Do drivers in SC legally have to stop for funeral processions? Here’s what state law says

Have you ever been stuck in frozen South Carolina traffic, only to learn later everyone stopped because of a funeral procession passing the other way?

It’s long been a tradition in the Palmetto State and much of the Southeast for traffic to yield to funeral processions on the road. It’s generally considered the respectful thing to do.

But are drivers legally required to do that in South Carolina?

SC funeral procession law

Turns out that in general, there is no legal requirement to pull over for a funeral procession in South Carolina, according to David Blackwell Law in Lancaster.

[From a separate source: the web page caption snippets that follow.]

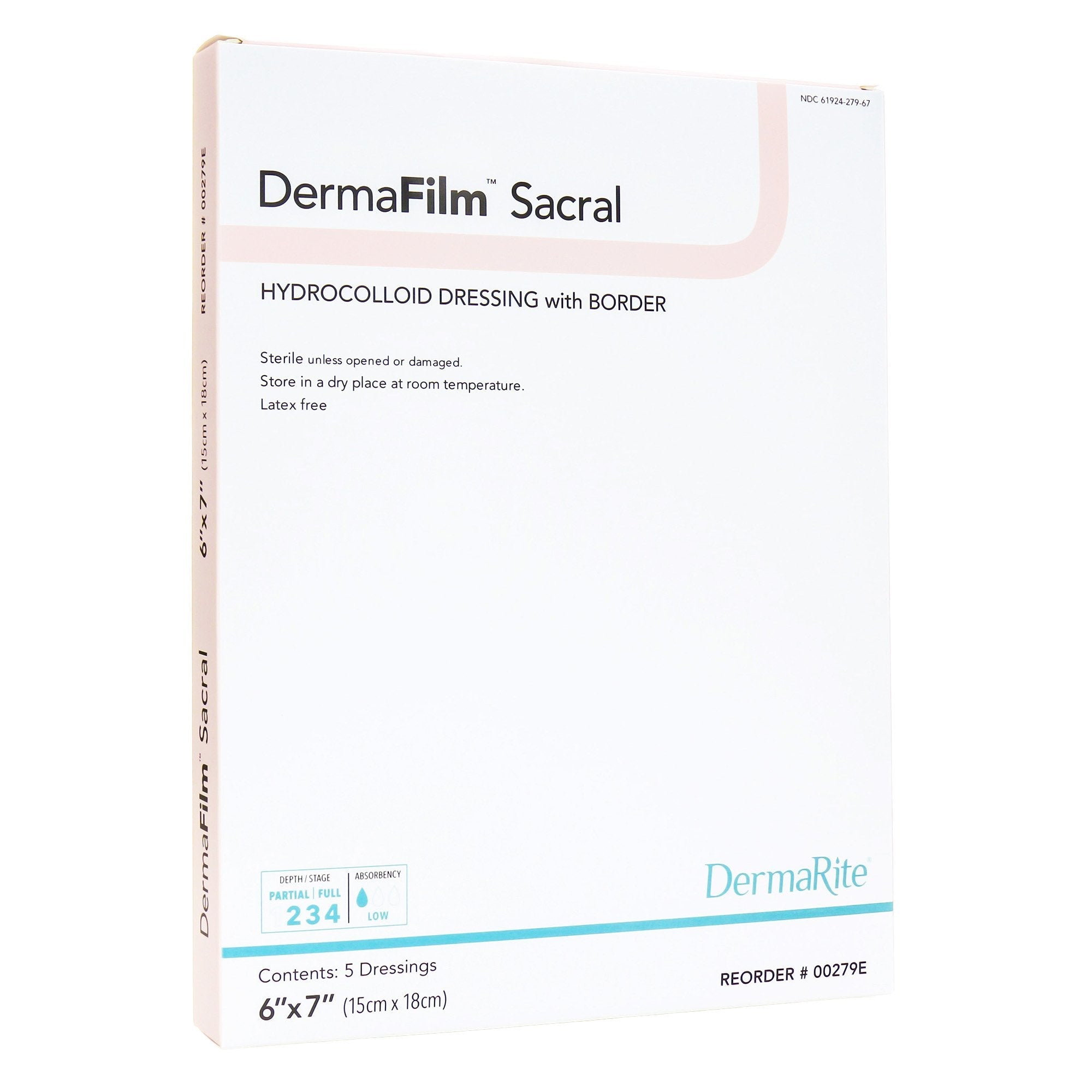 DermaFilm® Hydrocolloid Dressing, 6 x 7 Inch Sacral 00279E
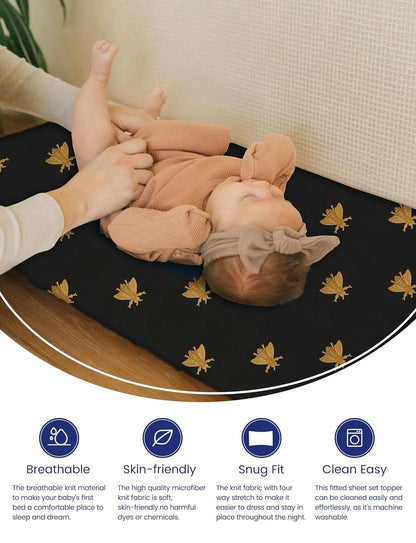 TotAha Premium Stretchy Changing Pad Cover, Buttery Soft Diaper Changing Pad Covers for Girls Boys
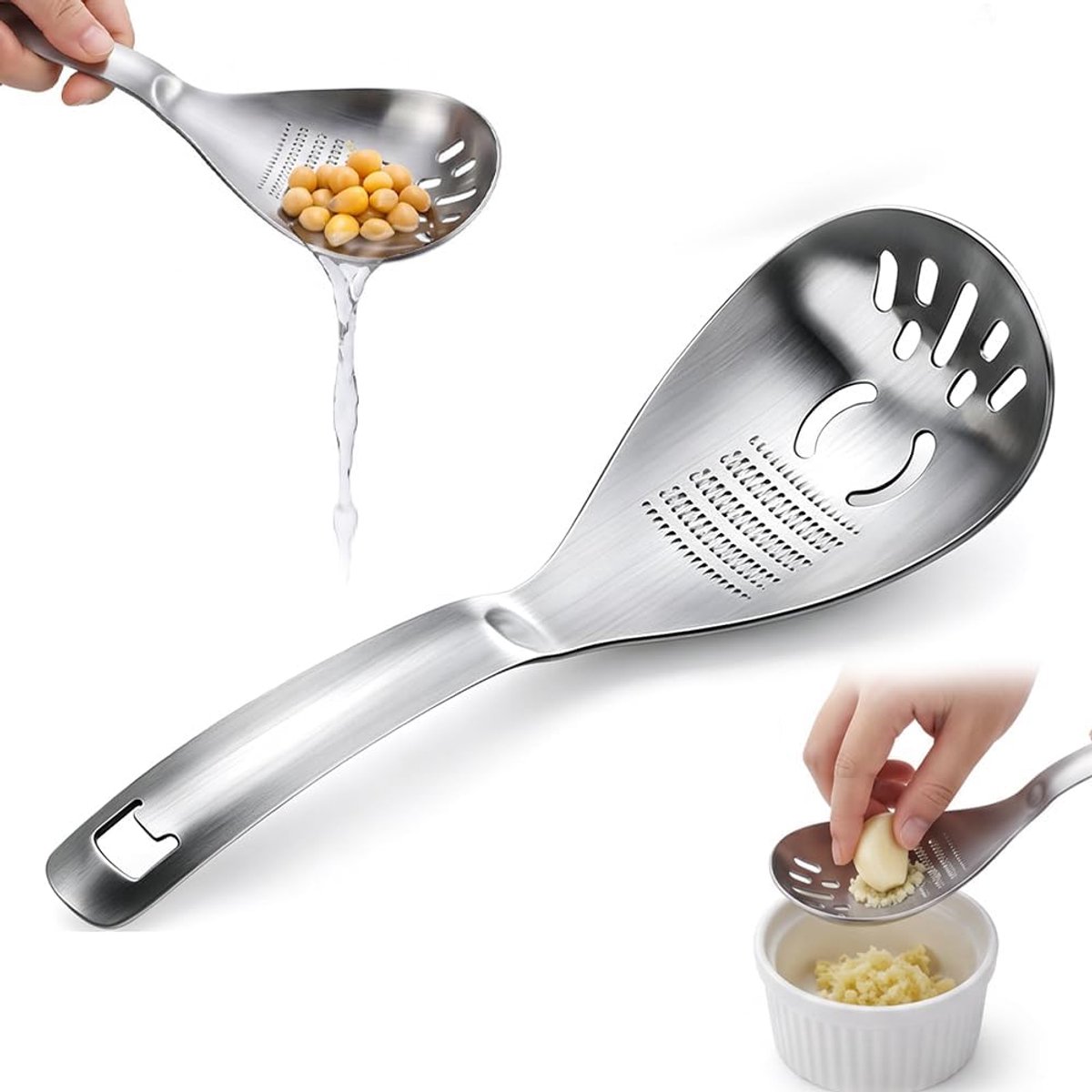Multifunctionele Lepel - 5-in-1 - Roestvrijstalen lepel - Malen, Zeven & Flessenopener - Eiwitscheider - Aardappelstamper - Kooklepel - Afgietlepel - Flesopener - Lekkende lepel - Afgieten - Voor Keuken & Kamperen - Kitchen Cooking Tools - TENGYIF®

The South Carolina Code of Laws makes no mention of drivers being required to stop for funeral processions.

Still, there are times when motorists will be required to stop for law enforcement involved in funeral processions. Often, local police or sheriff’s departments will direct traffic outside of a funeral home or at an intersection to prevent accidents as the motorcade leaves. South Carolina drivers must still obey any traffic directions from any law enforcement officers who are present.

SC motorcade law

Under Section 56-5-1930 of state law, motorcades must allow enough space between vehicles to let another vehicle in between them if necessary. However, this law specifically exempts funeral processions, meaning such motorcades can travel close enough together to keep other vehicles out.

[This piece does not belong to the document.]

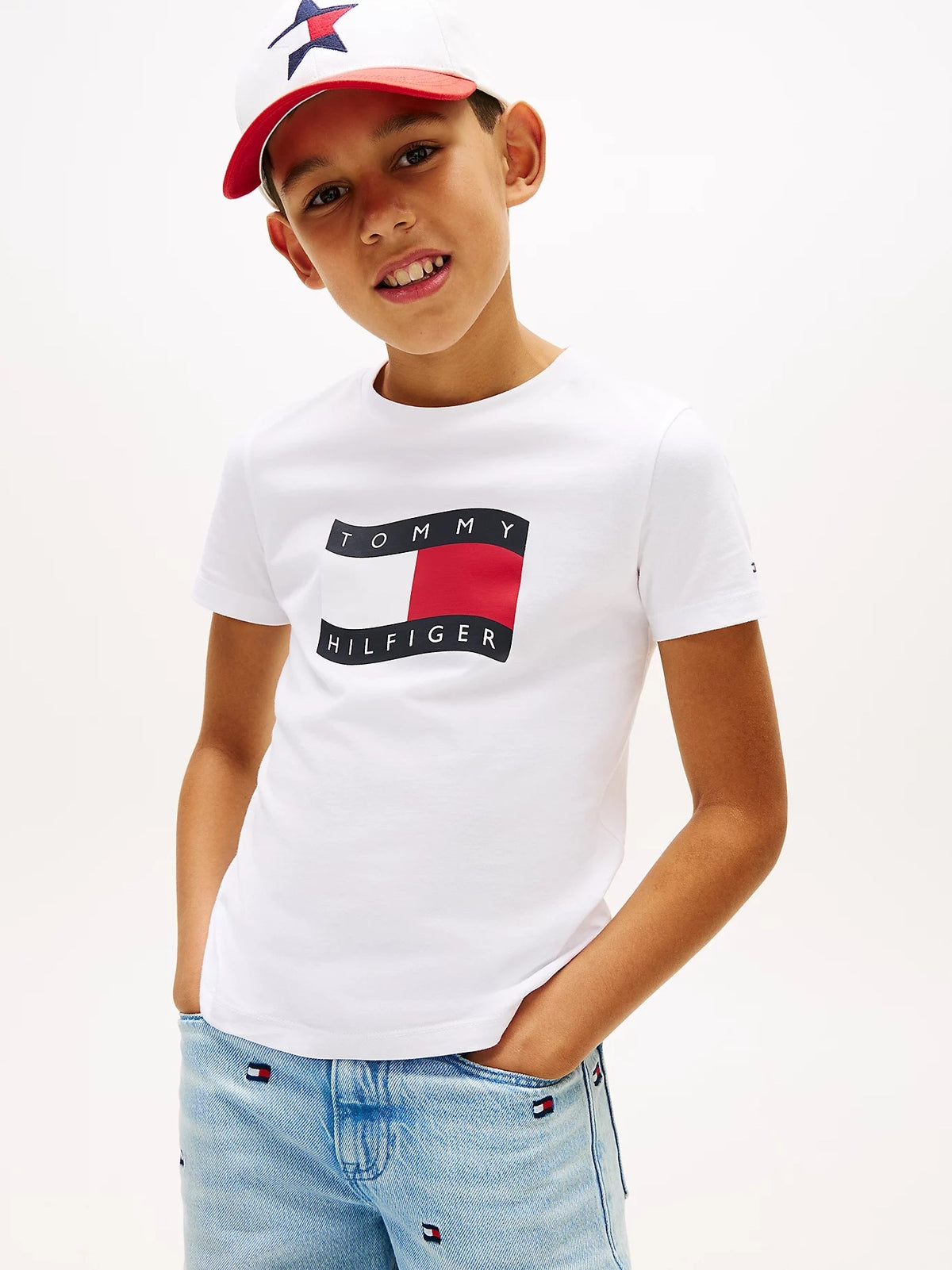 T-shirt Branco para Menino - TOMMY HILFIGER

Funeral procession safety tips

If you do encounter a funeral procession on the road, here are a few tips to follow to ensure the safety of yourself and others, according to Funeralwise.

  • The custom of stopping for funeral processions has been ongoing for so long, that it’s better and safer on your part to not break tradition. Go ahead and yield. Even if the procession is moving through a red light and your light is green, just continue to yield until the motorcade has passed.

  • Look for the last vehicle in the procession. It typically will have two or more flags on it and will be flashing hazard lights. Once that car has passed, you can resume the normal flow of traffic.

  • Don’t cut into or cut off a procession.

  • Don’t honk your horn at a car in a funeral procession.

  • Don’t pass a funeral procession on the right side on a highway unless the procession is in the far left lane.